I'm searching a simple, fault tolerant, distributed Key=>Value DB like SimpleDB from Amazon.
I've seen things like:
- The CouchDB Project : Simple and distributed, fault-tolerant Database. But it understands only JSON. No XML connectors etc.
- Eucalyptus : Nice Amazon EC2 interfaces. Open Standards & XML. But less distributed and less fault-tolerant? There are also a lot of open tickets with XEN/VMWare issues.
- Cloudstore / Kosmosfs : Nice distributed, fault tolerant fs. But it's hard to configure. Are there any java connectors?
- Apache Hadoop : Nice system which much more then abilities to store data. Uses its own Hadoop Distributed File System and has been testet on clusters with 2000 nodes.
- *Amazon SimpleDB : Can't find an open-source alternative! It's a nice but expensive system for huge amounts of data. And you're addicted to Amazon.
Are there other, better solutions out there? Which one is the best to choose? Which one offers the smallest amount of SOF(Singe Point of Failure)?
How about memcached?
The High Scalability blog covers this issue; if there's an open source solution for what you're after, it'll surely be there.
Other projects include:
Another good list: Anti-RDBMS: A list of distributed key-value stores
You might want to take a look at this (using MySQL as key-value store):
http://bret.appspot.com/entry/how-friendfeed-uses-mysql
I use Google's Google Base api, it's Xml, free, documented, cloud based, and has connectors for many languages. I think it will fill your bill if you want free hosting too.

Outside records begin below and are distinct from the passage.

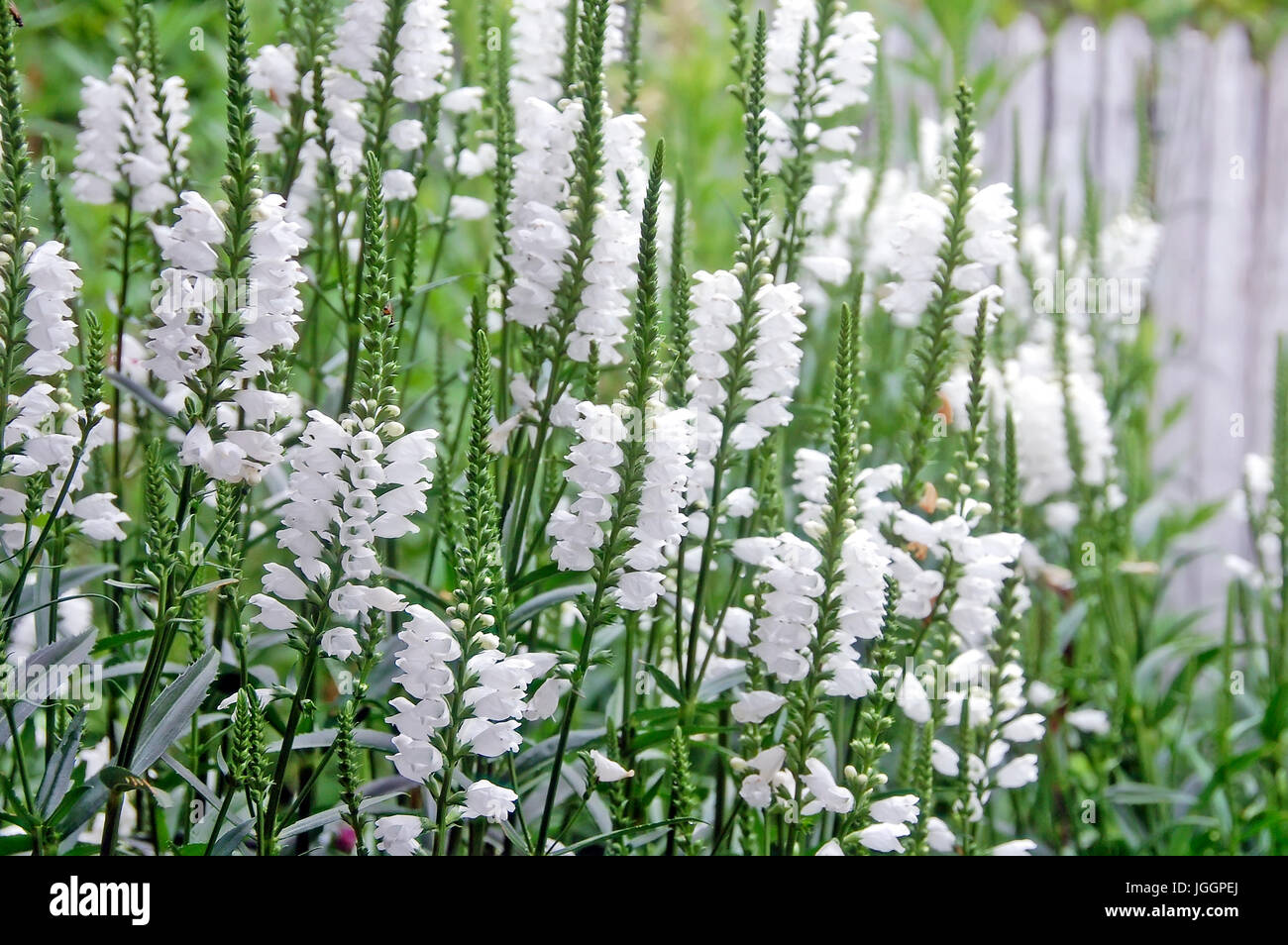 White Physostegia virginiana, Crown of Snow, bushes of wild white flowers. Stock Photo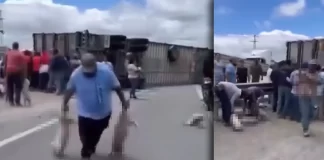 ¡Vuelca tráiler con más de 60 cerdos en Navojoa y desatan la rapiña!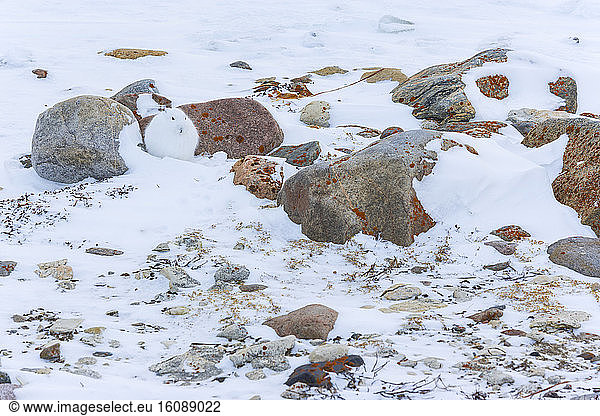 Arctic hare (Lepus arcticus)  or polar rabbit in snowy tundra  Churchill  Hudson Bay  Manitoba  Canada  America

Now if you want to host your own servers Tokyo cabinet is your answer, its key=>value based, uses flat files, and is the fastest database out there right now (very barebones compared to say Oracle, but incredibly good at storing and accessing data, about 1 million records per second, with about 10bytes of overhead (depending on the storage engine)). As for business ready TokyoCabinet is the heart of a service called Mixi, which is the equivalent of Japan's Facebook+MyPage, with several million heavy users, so it's actually very battle proven.

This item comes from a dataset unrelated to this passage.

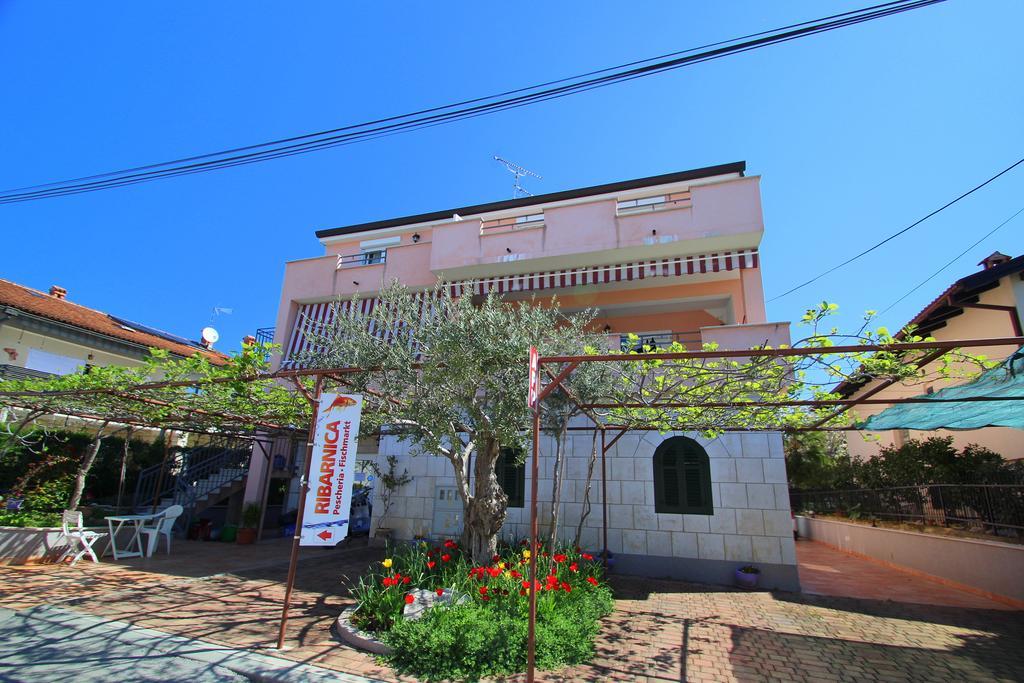 Apartments Miani Novigrad Istria Buitenkant foto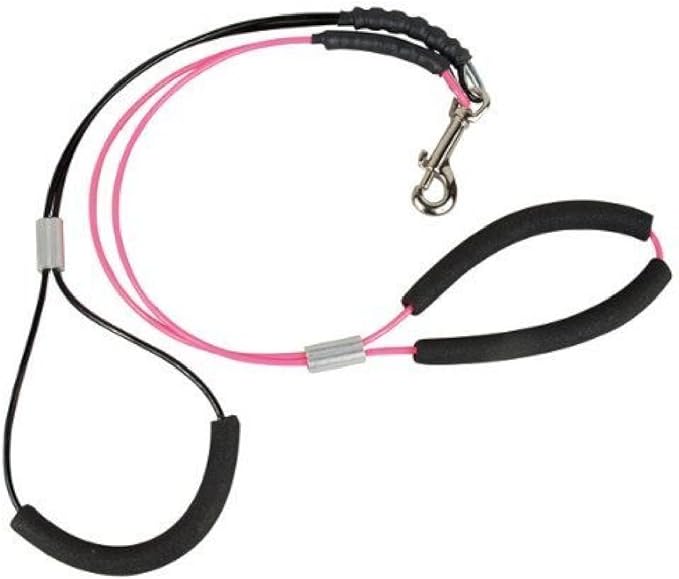 dog grooming restraint equipment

Good compilation of storage tools for your question :
http://www.metabrew.com/article/anti-rdbms-a-list-of-distributed-key-value-stores/
Instead of looking for something inspired by Google's bigtable- Why not just use bigtable directly? You could write a front-end on Google App-Engine.
Wikipedia says that Yahoo both contributes to Hadoop and uses it in production (article linked from wikipedia). So I'd say it counts for business-provenness, although I'm not sure whether it counts as a K/V value database.
Not on your list is the Friendfeed system of using MySQL as a simple schema-less key/value store.
It's hard for me to understand your priorities. CouchDB is simple, fault-tolerant, and distributed, but somehow you exclude it because it doesn't have XML. Are XML and Java connectors an unstated requirement?
(Anyway, CouchDB should in fact be excluded because it's young, its API isn't stable, and it's not a key-value store.)